→ **Instructions to follow**:
Pictures aside, quote the whole listing exactly.

→ **Data shown**:
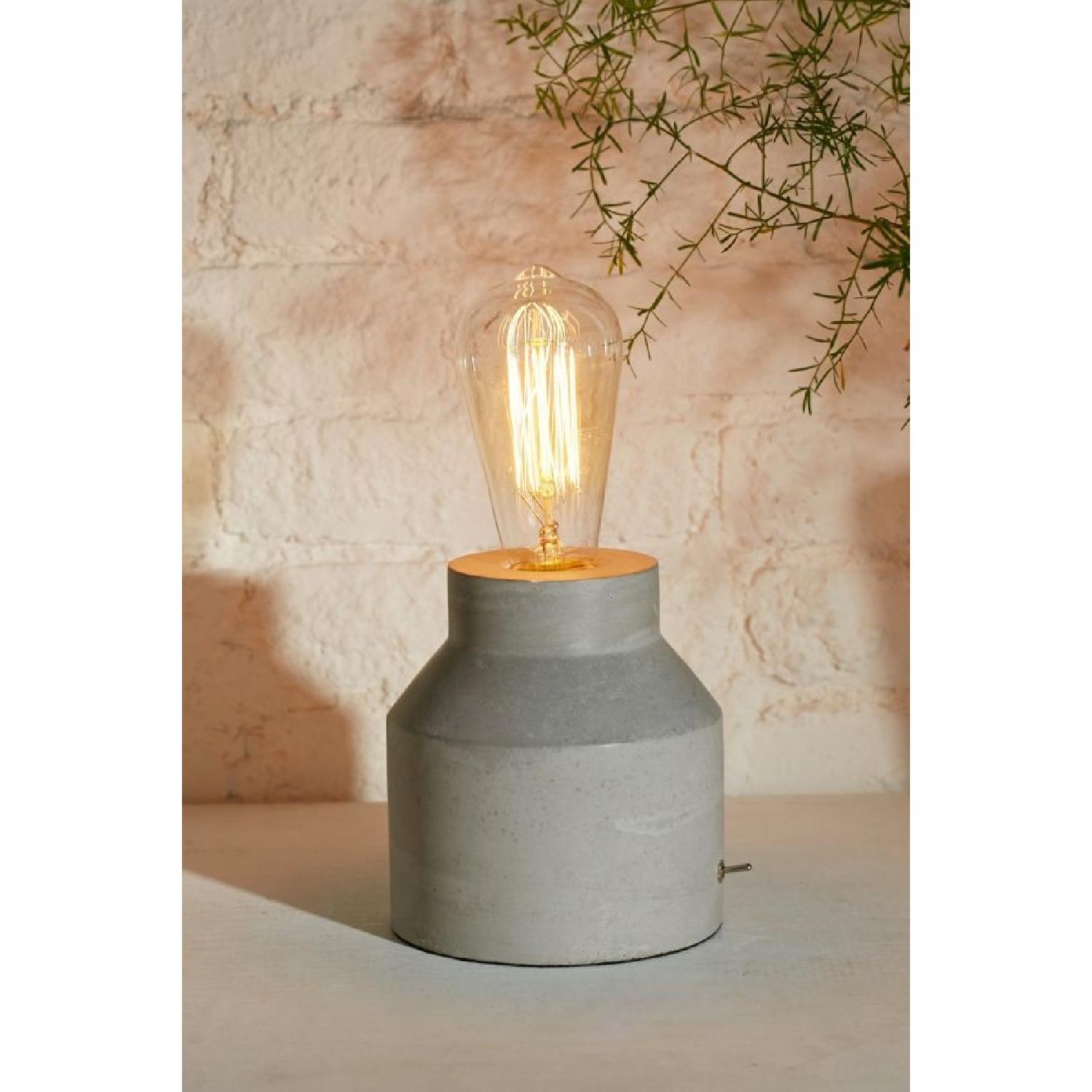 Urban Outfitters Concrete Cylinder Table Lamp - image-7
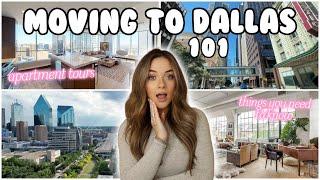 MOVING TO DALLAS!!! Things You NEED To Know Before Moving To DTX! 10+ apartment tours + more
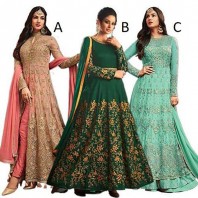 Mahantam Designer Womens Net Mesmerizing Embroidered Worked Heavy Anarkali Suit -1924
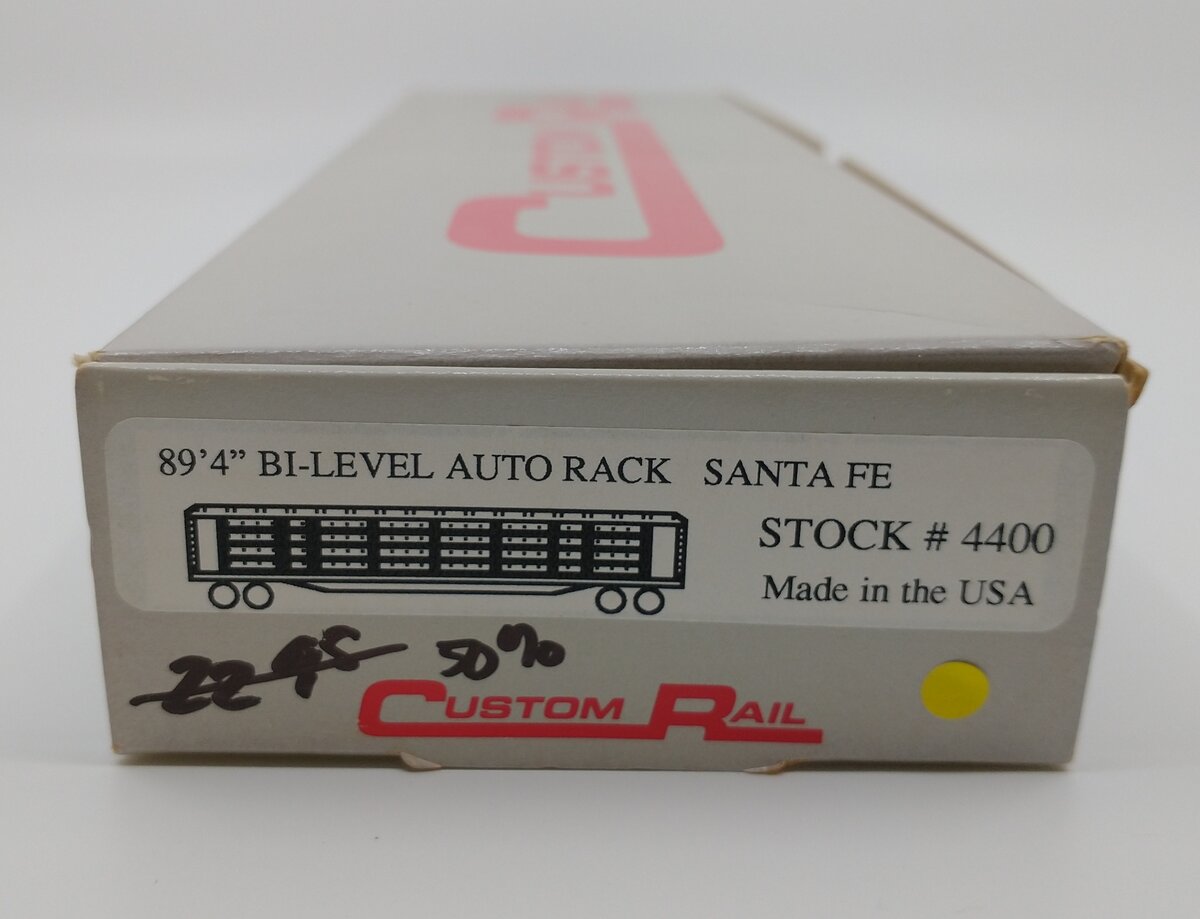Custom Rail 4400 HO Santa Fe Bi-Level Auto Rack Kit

→ **Solution to this task**:
 Urban Outfitters Concrete Cylinder Table Lamp - image-7
 MOVING TO DALLAS!!! Things You NEED To Know Before Moving To DTX! 10+ apartment tours + more
 Mahantam Designer Womens Net Mesmerizing Embroidered Worked Heavy Anarkali Suit -1924
Custom Rail 4400 HO Santa Fe Bi-Level Auto Rack Kit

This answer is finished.